_WHAT IS REQUIRED_
Set down, exactly and only, everything from the line containing "Sockets Lamp Part" down to the line containing "Miniatura 8 de" in the data below; the pictures are not part of the copy.

_STUDY MATERIAL_
---

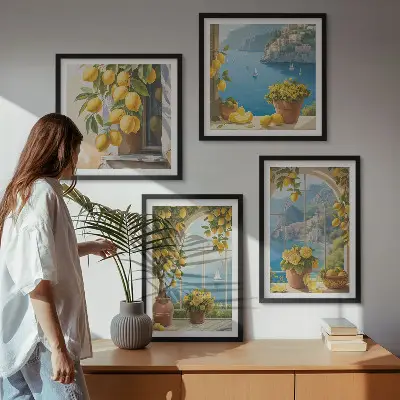 Wall art set featuring coastal landscapes, lemons, and windows
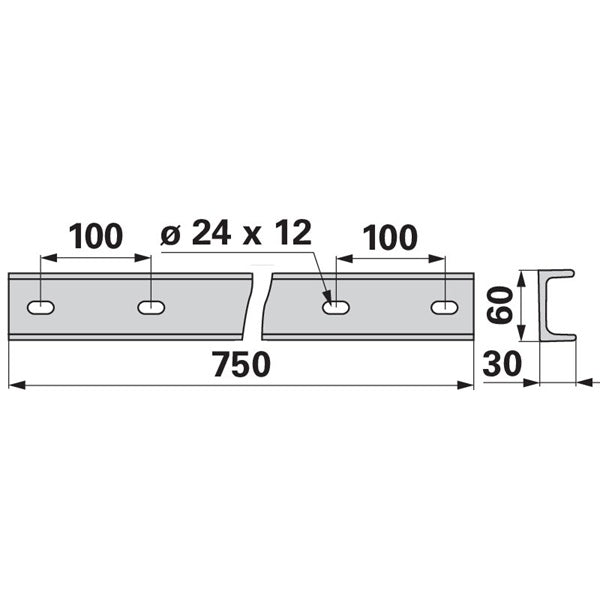 Kratzbodenleiste U-Profil 9480041, 60 x 30 mm, gelocht, L 750 mm zu Bergmann – Kratzboden Ersatzteil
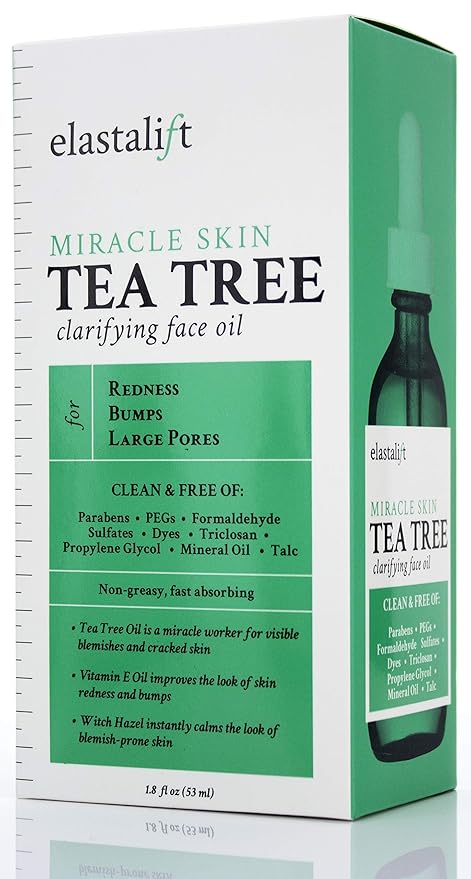 Elastalift Tea Tree Oil Facial Spot Treatment W/Witch Hazel Clarifying Tea Tree Oil For Face Helps Target Redness, Acne, Bumps, Dry Itchy Skin, & Large Pores. Non-Irritating Formula, 1.8 Fl Oz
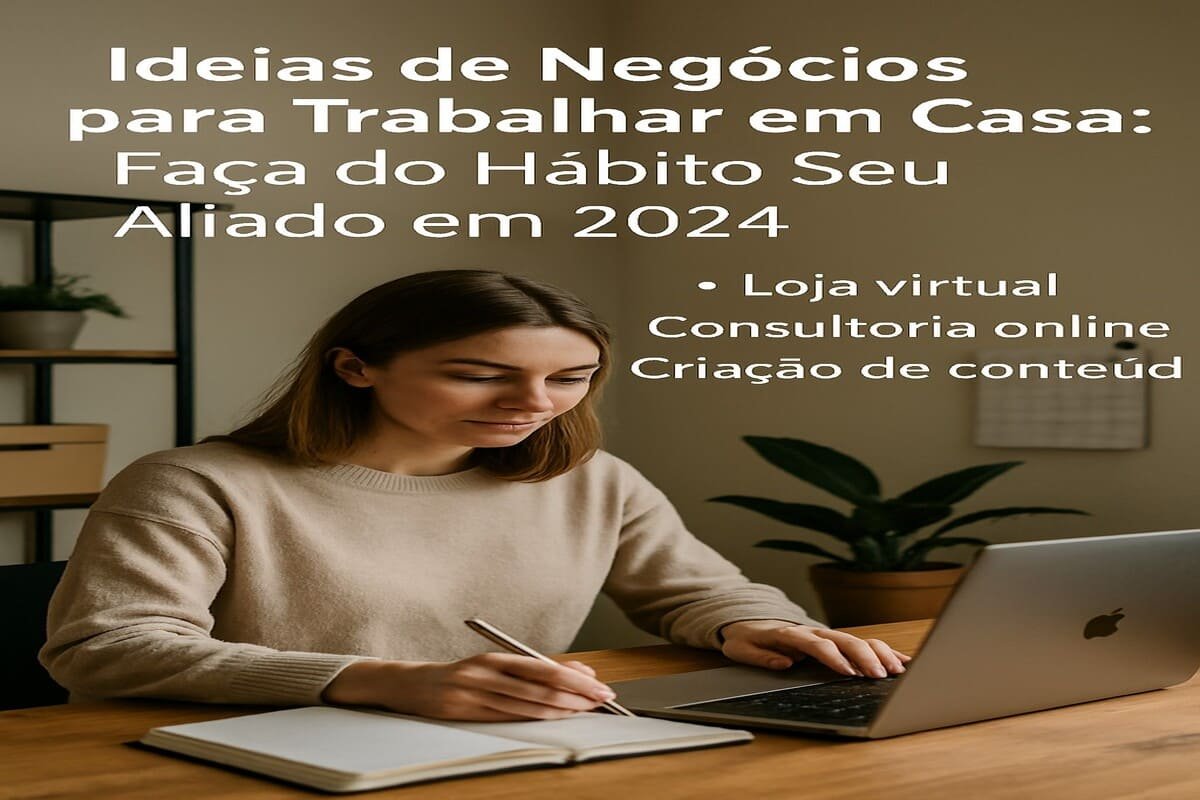 Fotografia de uma mulher escrevendo em um caderno enquanto trabalha em casa, representando ideias de negócios como loja virtual, consultoria online e criação de conteúdo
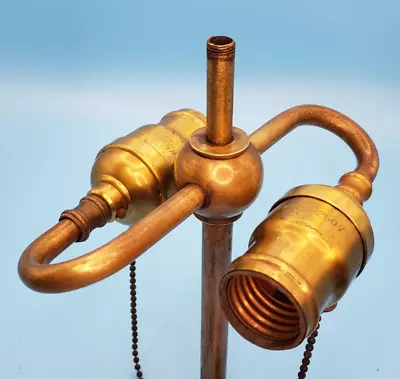 $299 • Buy Antique Brass Ball Cluster 2 HUBBELL Fat Boy Acorn Pull Chain Sockets Lamp Part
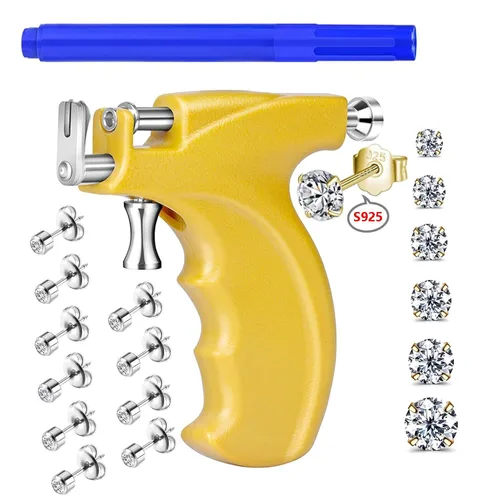 Miniatura 8 de Kit profesional de pistola de perforación de oreja con 6 pares de aretes de plata de ley S925 (chapado en oro amarillo de 18 quilates) + 10 pares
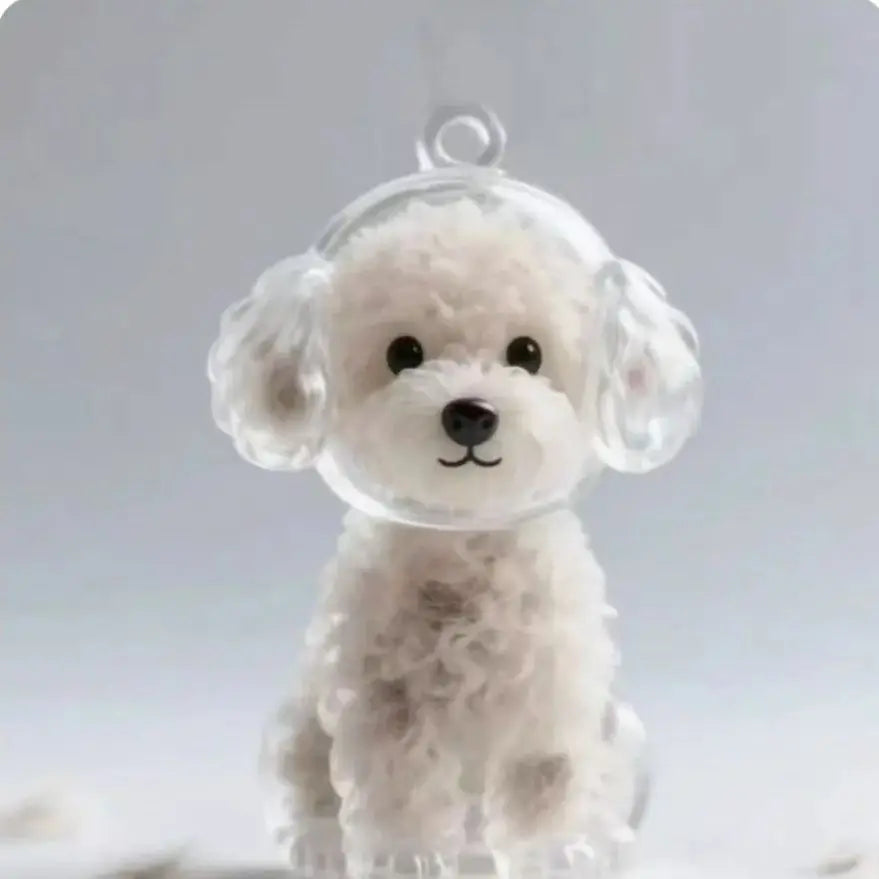 Transparenter Aufbewahrungsbehälter für Hundehaare, bezaubernder Haustier-Andenken-Kapsel-Anhänger mit Schlüsselring für Haustierliebhaber, DIY-Gedenkschlüsselanhänger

---

_RESULT OF THIS TASK_
 $299 • Buy Antique Brass Ball Cluster 2 HUBBELL Fat Boy Acorn Pull Chain Sockets Lamp Part
 Miniatura 8 de Kit profesional de pistola de perforación de oreja con 6 pares de aretes de plata de ley S925 (chapado en oro amarillo de 18 quilates) + 10 pares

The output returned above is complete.